Handsell readers your book in 25 words or less:
Montana, 1935. Benjamin Kilt is buried alive by his brother and bank-robbing partner. Exhumed at the final moment, Kilt sets out for revenge.
On your nightstand now:
Ayn Rand's The Fountainhead; Ernest Hemingway's The Old Man and the Sea; Anne Lamott's Bird by Bird; Isaac Bashevis Singer's Enemies, A Love Story; Emily Nemens's Clutch.
Favorite book when you were a child:
The Ways of Game Fish by Russ Williams and Charles Cadieux (with reproductions of paintings by Bob Hines and Fred Sweney and etchings by R.H. Palenske). It is a big book with lovely pictures. I'd read it every summer during vacation. Growing up in Minnesota, the saltwater species might as well have been living on Neptune.
Your top five authors:
Ernest Hemingway, Cormac McCarthy, James Salter, Elmore Leonard, John Steinbeck, Molly Gloss... Oops, that's six.
Book you've faked reading:
Thomas Pynchon's Gravity's Rainbow. All the cool literary kids loved this and gleaned some kind of spiritual insight. But holy shit!

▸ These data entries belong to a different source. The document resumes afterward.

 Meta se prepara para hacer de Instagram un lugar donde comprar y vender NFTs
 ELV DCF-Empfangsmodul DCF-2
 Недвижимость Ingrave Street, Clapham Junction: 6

Book you're an evangelist for:
I have several, apologies. Dave Eggers's A Heartbreaking Work of Staggering Genius; Tim O'Brien's The Things They Carried; The Complete Short Stories of Ernest Hemingway. Eggers did something so weirdly and distinctly original, and it hasn't been matched since. O'Brien's book is so tight and understated--I've read it and reread it so many times and come away with something new each time. Hemingway for all the clichéd reasons one loves Hemingway. You can't write today without contending with Hemingway's ghost.
Book you've bought for the cover:
Ottessa Moshfegh's My Year of Rest and Relaxation. Turns out the book is pretty damn good too.

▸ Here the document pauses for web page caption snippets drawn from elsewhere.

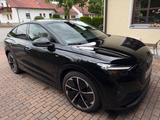 Audi Q4 Sportback e-tron 55 quattro S line - Audi Q4 e-tron von privat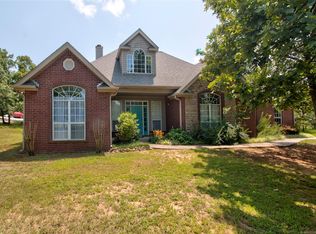 5082 W 165th St N, Skiatook, OK 74070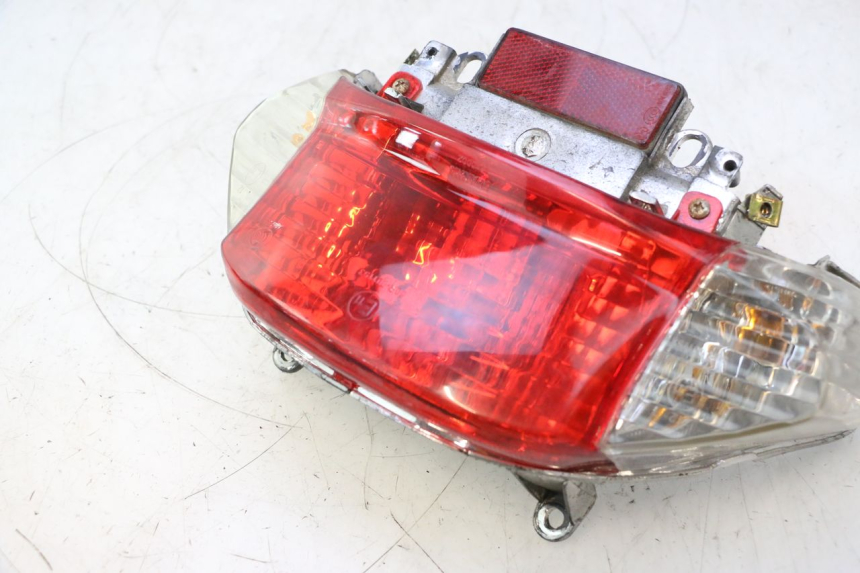 photo de ACHTERLICHT TNT MOTOR ROMA 12' 2T 50 (2007 - 2018) - Markeringen en referenties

Book you hid from your parents:
I'm not telling you...
Book that changed your life:
Chuck Klosterman's Sex, Drugs, and Cocoa Puffs. I had no idea you could write like that and get away with it. It felt truly radical. A revelation for me.

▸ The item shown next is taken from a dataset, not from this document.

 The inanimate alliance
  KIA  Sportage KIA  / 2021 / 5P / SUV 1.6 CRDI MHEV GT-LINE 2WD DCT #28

Favorite line from a book:
"So we beat on, boats against the current, borne back ceaselessly into the past." --F. Scott Fitzgerald, The Great Gatsby
Five books you'll never part with:
Books are forever, but books are also mercurial. They come and go in my life; we seem to find each other at certain times, and it lines up. I know that sounds corny, but it's true.
Book you most want to read again for the first time:
None. You can't go back to a first. You can go back and when you do it will be nostalgic but not the first. But if it's a good book it will be the first. And then you put it on the shelf.